Fig. 2 Greek Vase in the National Trust Collection of Charlecote Park © Abigail Allan

Finally, at Sudbury, the Children’s Country House, the permanent vase display will, of course, target children. The vases are currently displayed in a room whose overall theme is travel and adventure, presented alongside and between books about topics from all over the world. In the centre of the room is a large map-rug (showing one of the vases), paired with model ships, encouraging children to move the ships across the map just as goods moved across the world to Sudbury. In keeping with the theme of adventure, the interpretation of the vases will focus on the monsters depicted on them and the myths they inspired. Fig. 3 (NT 652471), dated to the mid-seventh century BC, shows one of the vases with monsters – it has a sphinx (a lion with the head of a woman) below a lion with the wings, neck, and head of a swan.  As one of the most engaging facets of vase studies for children, this will be perfect for introducing children to the wonder and excitement of the ancient world. 

nt 652471  1  white bkg

Fig. 3 Greek Vase in the National Trust Collection of Sudbury Hall © Abigail Allan

This CDA will therefore position Classical academic scholarship at the interface with public humanities, reaching a wider audience than academics alone. It will provide an example of the impact museums have on public awareness of academic disciplines, by sharing the academic knowledge gained throughout directly with the public.

 

Abigail Allan is undertaking a Collaborative Doctoral Award (CDA) between the University of Oxford and the National Trust, supervised by Dr Thomas Mannack (Oxford) and Simon McCormack (National Trust). Her CDA intends to catalogue the National Trust’s collections of ancient Greek vases before researching and curating the vases at three properties: Nostell Priory, Sudbury Hall (the Children’s Country House), and Charlecote Park. Abigail is also the Assistant Curator for Lady Margaret Hall’s Art Collection and is a Curatorial & Museum Consultant for Fairfield House, Bath. She has previously worked for National Historic Ships UK, the Ashmolean Museum, and the British Museum. 

 

Find out more about the National Trust Partnership here.

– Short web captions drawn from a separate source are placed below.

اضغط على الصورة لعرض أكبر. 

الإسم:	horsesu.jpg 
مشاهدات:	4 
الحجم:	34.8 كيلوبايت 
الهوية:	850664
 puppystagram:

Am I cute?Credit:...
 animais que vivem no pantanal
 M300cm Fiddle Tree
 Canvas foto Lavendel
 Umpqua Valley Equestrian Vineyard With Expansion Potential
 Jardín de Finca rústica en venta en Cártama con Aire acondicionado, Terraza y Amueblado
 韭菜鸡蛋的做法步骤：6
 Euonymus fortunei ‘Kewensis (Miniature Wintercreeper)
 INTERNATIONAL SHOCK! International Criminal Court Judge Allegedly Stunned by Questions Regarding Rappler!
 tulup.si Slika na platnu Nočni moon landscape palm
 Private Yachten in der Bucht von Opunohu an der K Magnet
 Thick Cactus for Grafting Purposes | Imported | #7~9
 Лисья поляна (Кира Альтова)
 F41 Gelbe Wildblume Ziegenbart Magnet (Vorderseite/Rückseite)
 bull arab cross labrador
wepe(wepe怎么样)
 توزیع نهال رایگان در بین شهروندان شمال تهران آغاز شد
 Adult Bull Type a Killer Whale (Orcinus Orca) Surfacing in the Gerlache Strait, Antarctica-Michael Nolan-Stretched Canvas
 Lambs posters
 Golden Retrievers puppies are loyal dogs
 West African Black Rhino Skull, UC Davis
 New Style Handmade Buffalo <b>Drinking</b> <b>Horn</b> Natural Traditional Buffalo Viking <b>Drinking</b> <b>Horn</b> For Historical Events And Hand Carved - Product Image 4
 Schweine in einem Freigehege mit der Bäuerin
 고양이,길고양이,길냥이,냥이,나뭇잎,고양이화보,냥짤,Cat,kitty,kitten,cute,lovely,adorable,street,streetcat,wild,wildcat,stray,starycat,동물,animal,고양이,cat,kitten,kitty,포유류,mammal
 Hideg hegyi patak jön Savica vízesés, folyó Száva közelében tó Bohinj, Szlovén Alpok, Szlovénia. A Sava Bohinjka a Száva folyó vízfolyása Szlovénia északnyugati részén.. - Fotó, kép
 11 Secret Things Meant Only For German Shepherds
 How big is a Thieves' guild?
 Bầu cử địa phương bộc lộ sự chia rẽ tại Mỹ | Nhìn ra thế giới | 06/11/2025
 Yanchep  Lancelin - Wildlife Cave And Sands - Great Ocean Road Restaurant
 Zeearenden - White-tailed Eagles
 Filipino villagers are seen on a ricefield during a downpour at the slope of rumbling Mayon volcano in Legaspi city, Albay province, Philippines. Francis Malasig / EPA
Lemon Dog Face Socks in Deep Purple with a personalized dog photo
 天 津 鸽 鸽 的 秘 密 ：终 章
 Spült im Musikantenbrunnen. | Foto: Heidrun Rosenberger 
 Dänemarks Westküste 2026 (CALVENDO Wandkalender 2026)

Find out more about the TORCH Heritage Programme here.

 

[i] Cox, Oliver. (2021). ‘Twenty-first-century Visitors in Eighteenth-century Spaces: Challenges and Opportunities,’ Hague, Stephen George and Lipsedge, Karen (eds.) At Home in the Eighteenth-century: Interrogating Domestic Space. London: Routledge. 307-324, pg. 307.

[ii] Coltman, Viccy. (1999). ‘Classicism in the English Library. Reading classical culture in the late eighteenth and early nineteenth centuries’, Journal of the History of Collections 11(1): 35-50, pg. 42.

[iii] Haskell, Francis. (1996). ‘Preface,’ Wilton, A. and Bignamini, I.(eds.), Grand Tour: The lure of Italy in the eighteenth-century. London: Tate Gallery. 10-12, pg. 11.

[iv] Ambrose, Timothy and Paine, Crispin (2018). Museum Basics: The International Handbook. 4th Edition. Oxford: Routledge, pg. 208.

[v] Nostell Priory Collections Development Policy 2020, clause 2.

[vi] Cox, Oliver J. W. (2015). “The ‘Downton Boom’: Country Houses, Popular Culture and Curatorial Culture,” The Public Historian 37(2): 112-9, pg. 118.